1 Matrix calculus
1.1 Matrix gradient identities
Let \(\textbf{\textbf{A}}\) be an \(m \times n\) matrix. Let \(\textbf{x}\) be a \(n\times 1\) column vector
\[\frac{\partial{\textbf{Ax}}}{\partial{\textbf{x}}} = \textbf{A}^\top\]
\[\frac{\partial{\textbf{x}^\top \textbf{A}}}{\partial{\textbf{x}}} = \textbf{A}\] \[\frac{\partial{\textbf{x}^\top \textbf{Ax}}}{\partial{\textbf{x}}} = \textbf{Ax} + \textbf{A}^\top \textbf{x}\]
1.2 Gradient and Hessian
Let \(f : \mathbb R^p \rightarrow \mathbb R\). The derivative of \(f\) (gradient) is a vector and the second derivative (Hessian) is a matrix. \[ \frac{\partial f(\textbf{x})}{\partial \textbf{x}} = \nabla f(\mathbf{x}) = \begin{bmatrix} \frac{\partial f(\mathbf{x})}{\partial x_1} \\ \frac{\partial f(\mathbf{x})}{\partial x_2} \\ \vdots \\ \frac{\partial f(\mathbf{x})}{\partial x_n} \end{bmatrix}\] \[ \nabla^2 f(\mathbf{x}) = \begin{bmatrix} \frac{\partial^2 f(\mathbf{x})}{\partial x_1^2} & \frac{\partial^2 f(\mathbf{x})}{\partial x_1 \partial x_2} & \cdots & \frac{\partial^2 f(\mathbf{x})}{\partial x_1 \partial x_n} \\ \frac{\partial^2 f(\mathbf{x})}{\partial x_2 \partial x_1} & \frac{\partial^2 f(\mathbf{x})}{\partial x_2^2} & \cdots & \frac{\partial^2 f(\mathbf{x})}{\partial x_2 \partial x_n} \\ \vdots & \vdots & \ddots & \vdots \\ \frac{\partial^2 f(\mathbf{x})}{\partial x_n \partial x_1} & \frac{\partial^2 f(\mathbf{x})}{\partial x_n \partial x_2} & \cdots & \frac{\partial^2 f(\mathbf{x})}{\partial x_n^2} \end{bmatrix} \]
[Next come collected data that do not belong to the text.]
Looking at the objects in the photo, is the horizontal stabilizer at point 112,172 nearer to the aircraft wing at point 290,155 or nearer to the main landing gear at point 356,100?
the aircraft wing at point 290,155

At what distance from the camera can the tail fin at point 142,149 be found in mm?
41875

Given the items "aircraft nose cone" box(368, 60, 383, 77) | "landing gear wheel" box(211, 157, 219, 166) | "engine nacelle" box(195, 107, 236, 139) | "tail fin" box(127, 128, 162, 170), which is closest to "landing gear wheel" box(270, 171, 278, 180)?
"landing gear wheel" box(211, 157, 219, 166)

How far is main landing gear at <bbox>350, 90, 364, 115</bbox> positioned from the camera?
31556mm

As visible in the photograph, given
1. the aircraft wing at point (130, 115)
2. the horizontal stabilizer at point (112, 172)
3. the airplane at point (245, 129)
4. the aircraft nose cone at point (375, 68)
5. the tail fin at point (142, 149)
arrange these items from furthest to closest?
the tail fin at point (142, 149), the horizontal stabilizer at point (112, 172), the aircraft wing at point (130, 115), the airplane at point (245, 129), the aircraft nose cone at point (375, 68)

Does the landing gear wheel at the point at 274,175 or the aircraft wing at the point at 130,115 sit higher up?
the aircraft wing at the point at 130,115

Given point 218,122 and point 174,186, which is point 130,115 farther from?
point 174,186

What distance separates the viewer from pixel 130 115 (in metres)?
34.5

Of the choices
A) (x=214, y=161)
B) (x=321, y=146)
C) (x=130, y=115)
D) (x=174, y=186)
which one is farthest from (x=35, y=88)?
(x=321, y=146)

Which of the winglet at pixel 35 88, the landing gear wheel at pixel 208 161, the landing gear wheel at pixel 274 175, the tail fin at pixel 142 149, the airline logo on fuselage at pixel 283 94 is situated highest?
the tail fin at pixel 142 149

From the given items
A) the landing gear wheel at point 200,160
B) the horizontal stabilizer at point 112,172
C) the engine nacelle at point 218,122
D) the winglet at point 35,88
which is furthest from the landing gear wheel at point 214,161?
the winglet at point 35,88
2 Jacobian vs matrix partial derivative
Consider a vector valued function \(f: \mathbb R^n \rightarrow \mathbb R^m\), the first derivative, called Jacobian, is a matrix of dimensions \(m \times n\): \[J_{\mathbf{f}(\mathbf{x})} = \begin{bmatrix} \frac{\partial f_1}{\partial x_1} & \frac{\partial f_1}{\partial x_2} & \cdots & \frac{\partial f_1}{\partial x_n} \\ \frac{\partial f_2}{\partial x_1} & \frac{\partial f_2}{\partial x_2} & \cdots & \frac{\partial f_2}{\partial x_n} \\ \vdots & \vdots & \ddots & \vdots \\ \frac{\partial f_m}{\partial x_1} & \frac{\partial f_m}{\partial x_2} & \cdots & \frac{\partial f_m}{\partial x_n} \end{bmatrix} \] Notice that the gradient of a scalar function is transpose of its Jacobian.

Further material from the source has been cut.